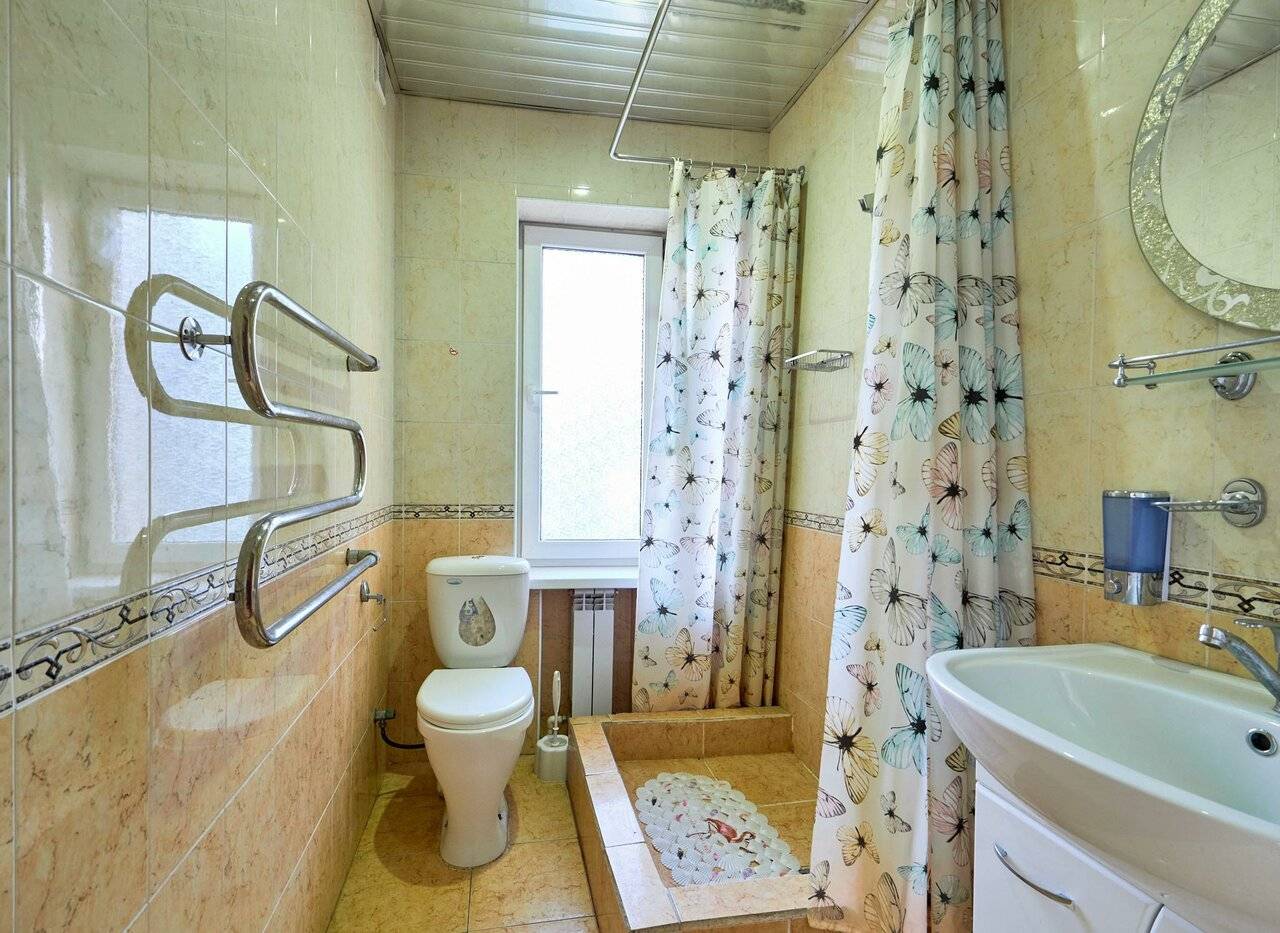 Фото Гостиницы Башня Кисловодск 37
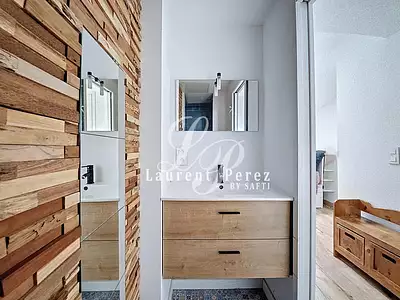 Appartement, 42 m²
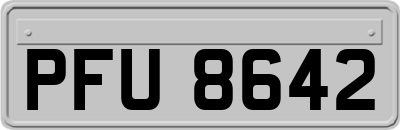 PFU8642
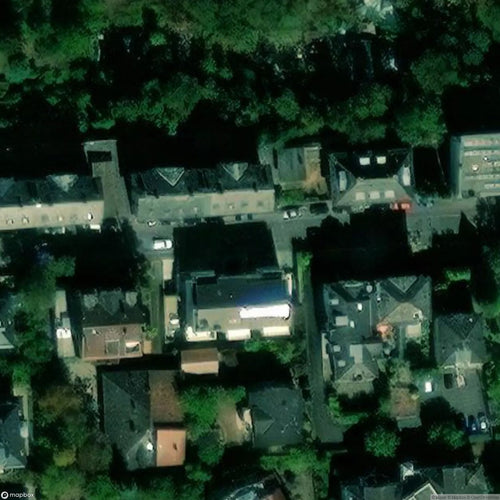 Bonetti Dona Quarry Trachite Cave [DEU] #12715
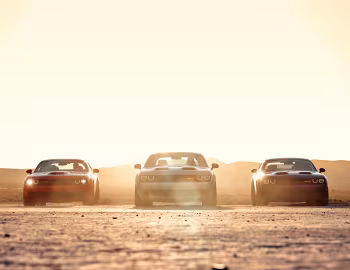 2015–23 Dodge Challenger (LC) '2014–23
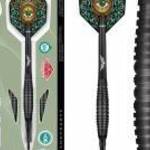 DARTS SZETT SOFT SHOT ZEN KENSHO 20G, 90% WOLFRAM fotó
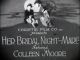 Her Bridal Night-Mare (1920) DVD-R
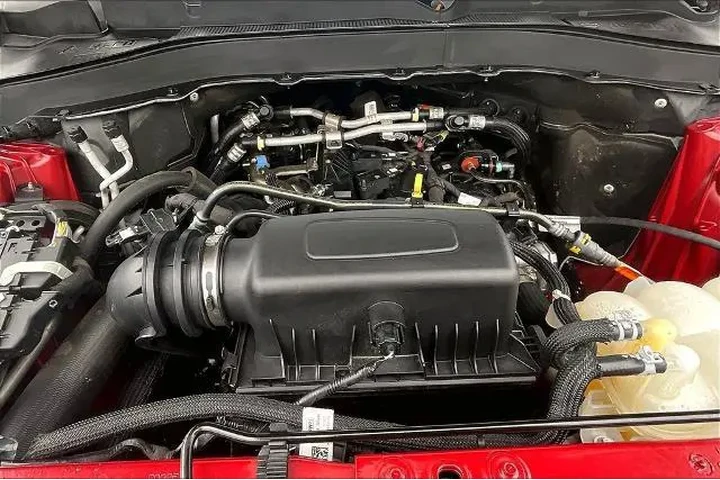 $32991 : Ford Explorer 2024 XLT 4dr S image 10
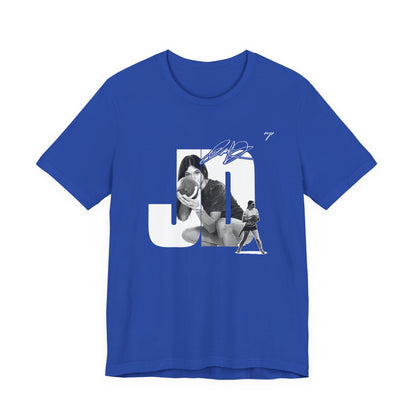 Janelle Duval Graphic Tee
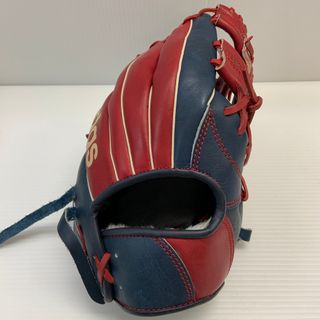 adidas - 硬式用グローブ adidas ヴィンテージ 兼松 江川卓モデル 希少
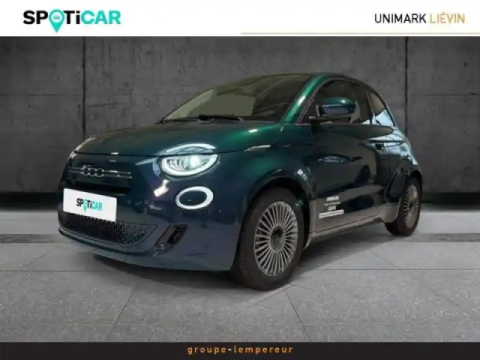 Fiat 500 1.0 firefly 65ch hybrid torino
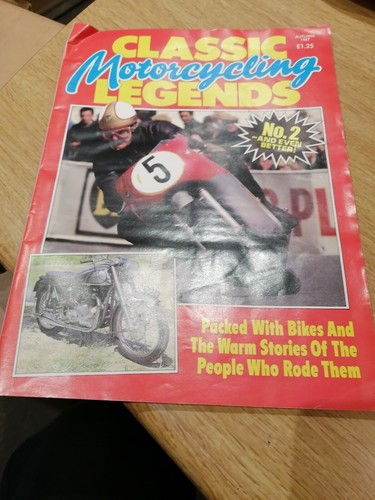 Bsa triumph classic - triumph,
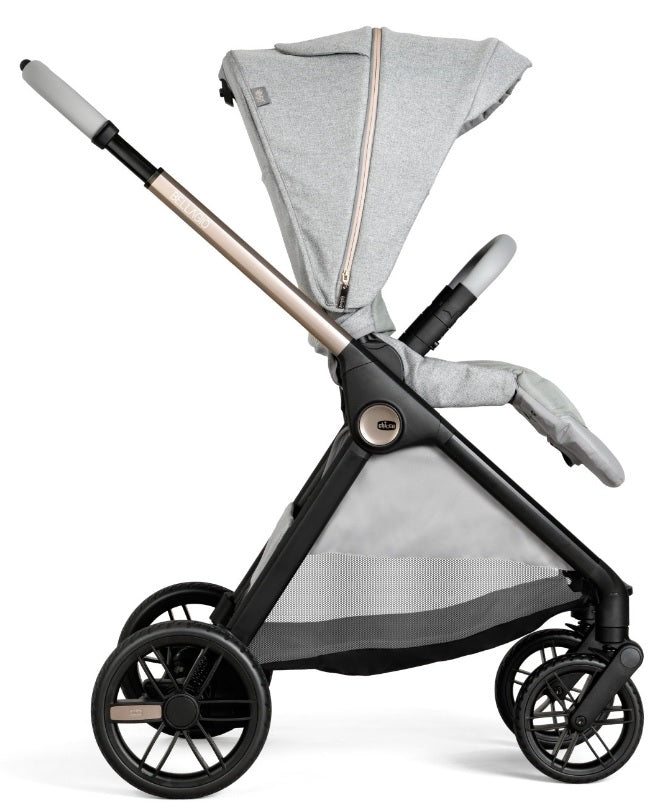 Chicco Bellagio Kombi Kinderwagen mit Babywanne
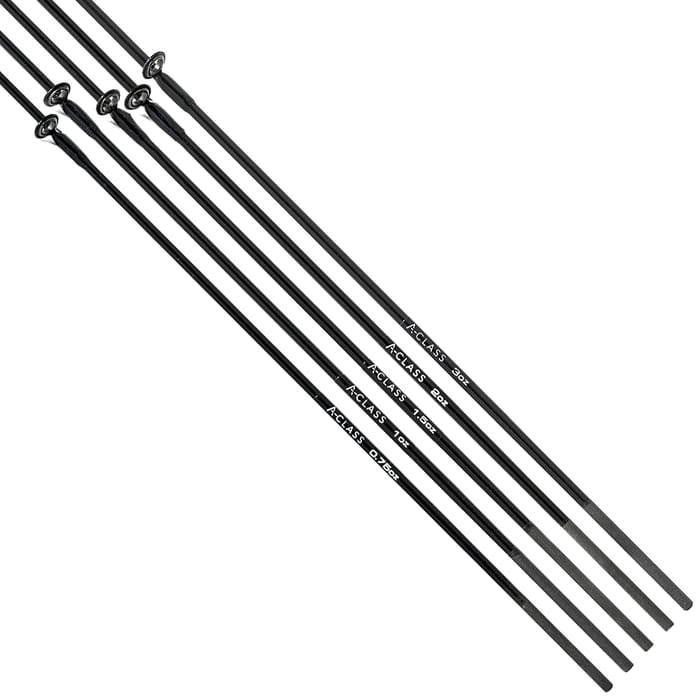 Guru A-Class Fishing Quiver Tip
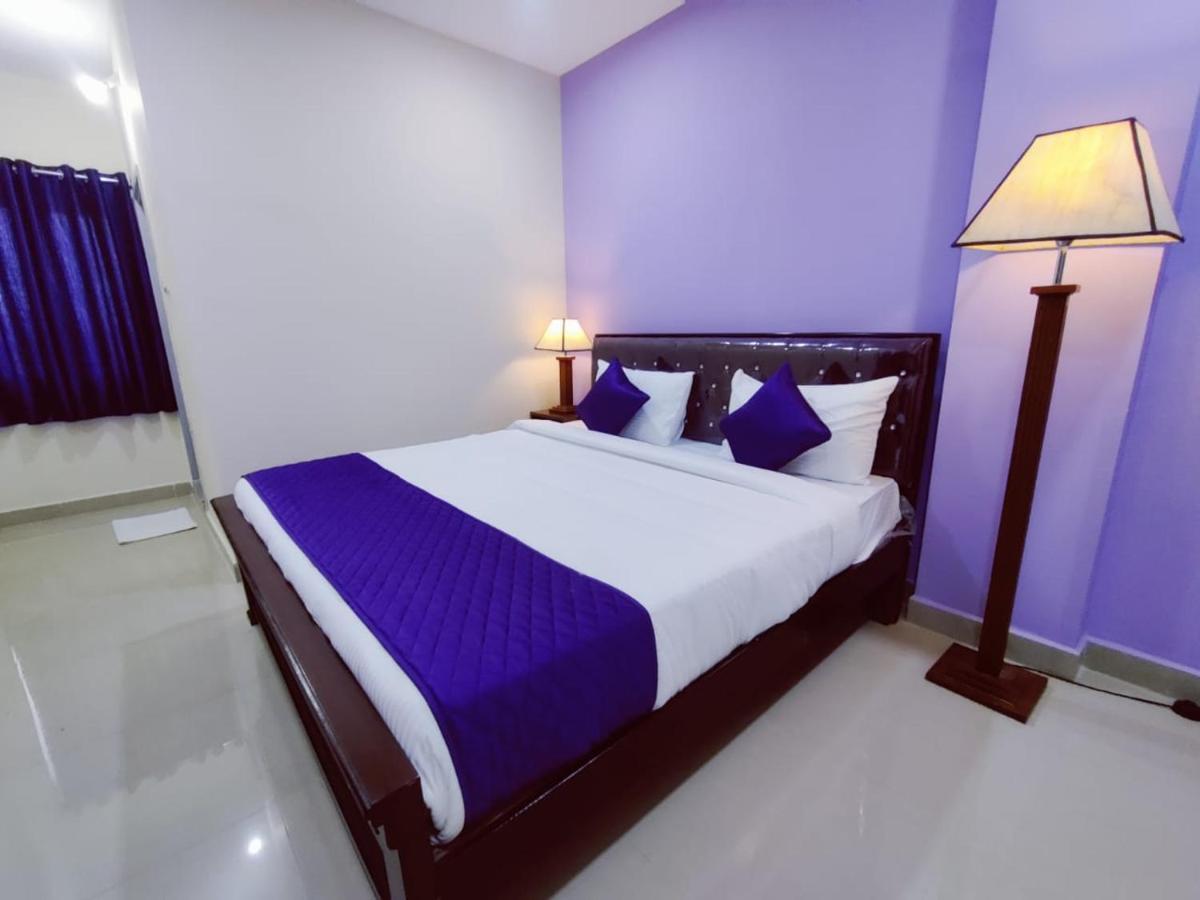 Hotel Prime Classic 商沙巴 外观 照片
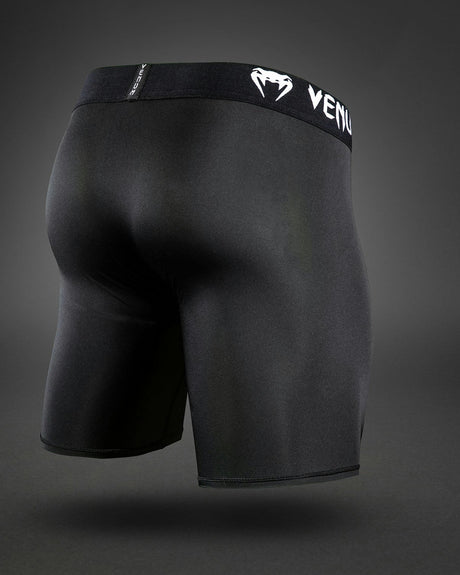 Venum Kompressionsshorts MX – Svart/Vit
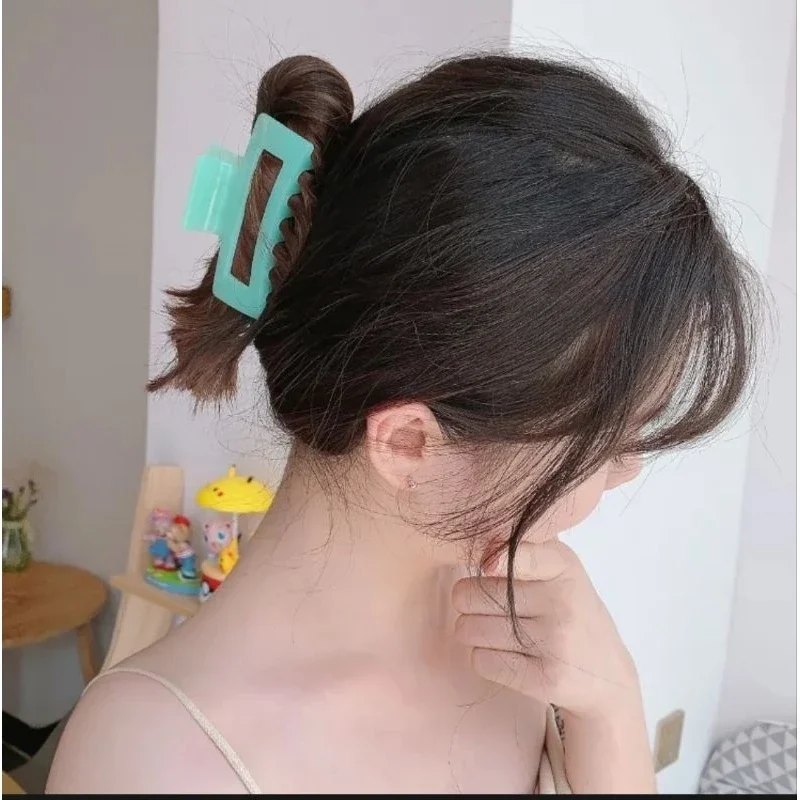 Kẹp tóc càng cua/Kẹp/Cài tóc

----------

**What you will do**
Leave the pictures aside and give the records above back word for word.

**Result for this task**
 Фото Гостиницы Башня Кисловодск 37
 Appartement, 42 m²
 PFU8642
 Bonetti Dona Quarry Trachite Cave [DEU] #12715
 2015–23 Dodge Challenger (LC) '2014–23
 DARTS SZETT SOFT SHOT ZEN KENSHO 20G, 90% WOLFRAM fotó
 Her Bridal Night-Mare (1920) DVD-R
 $32991 : Ford Explorer 2024 XLT 4dr S image 10
 Janelle Duval Graphic Tee
 adidas - 硬式用グローブ adidas ヴィンテージ 兼松 江川卓モデル 希少
 Fiat 500 1.0 firefly 65ch hybrid torino
 Bsa triumph classic - triumph,
 Chicco Bellagio Kombi Kinderwagen mit Babywanne
 Guru A-Class Fishing Quiver Tip
 Hotel Prime Classic 商沙巴 外观 照片
 Venum Kompressionsshorts MX – Svart/Vit
 Kẹp tóc càng cua/Kẹp/Cài tóc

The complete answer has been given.